Of course every woman knows that a sick man is sicker than a thousand sick women, each of whom is twice as sick as he is. We all know that he can groan louder and roll his eyes higher and keep more people flying about, and all this with just a plain pain, than his wife would do with seven fatal ailments. Then to hear him tell about it, after he has recovered, is to imagine that he is Lazarus over again, and that the day of miracles has returned, that he ever lived to tell the tale. All this refers to an acute attack. But when his trouble is chronic, and it has to do, like dyspepsia, with a man's eating!—you cannot escape. He will tell you all about it.

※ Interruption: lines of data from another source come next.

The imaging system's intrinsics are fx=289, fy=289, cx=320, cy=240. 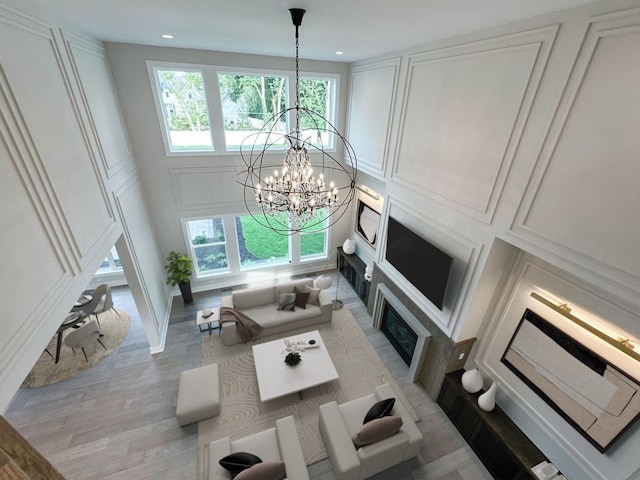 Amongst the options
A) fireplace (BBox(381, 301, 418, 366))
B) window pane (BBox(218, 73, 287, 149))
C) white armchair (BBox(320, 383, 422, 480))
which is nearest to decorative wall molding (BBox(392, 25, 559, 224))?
fireplace (BBox(381, 301, 418, 366))

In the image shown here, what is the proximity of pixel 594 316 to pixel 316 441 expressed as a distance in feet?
10.9

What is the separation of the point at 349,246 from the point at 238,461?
4.45 m

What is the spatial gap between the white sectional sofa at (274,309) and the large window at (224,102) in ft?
8.71

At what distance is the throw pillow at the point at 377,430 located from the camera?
10.3 ft

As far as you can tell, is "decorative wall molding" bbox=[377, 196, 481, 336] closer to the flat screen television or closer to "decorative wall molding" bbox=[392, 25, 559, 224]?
the flat screen television

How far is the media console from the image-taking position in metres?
3.10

In the first place, dyspepsia is such a refined and lady-like trouble. It has no disgusting details. You can refer to it at all times without fear of nauseating your hearers. In the second place, you can count on nearly half of your hearers having it too, as dyspepsia is almost as catching as Christian Science.
Carlyle was the most famous of dyspeptics. But magnificent as he was in his growling, I fancy it is more bearable to read about it than it was for that adorable wife of his to hear him talk about it. How well we can imagine her feelings when she wrote, "The amount of bile that he brings home is awfully grand."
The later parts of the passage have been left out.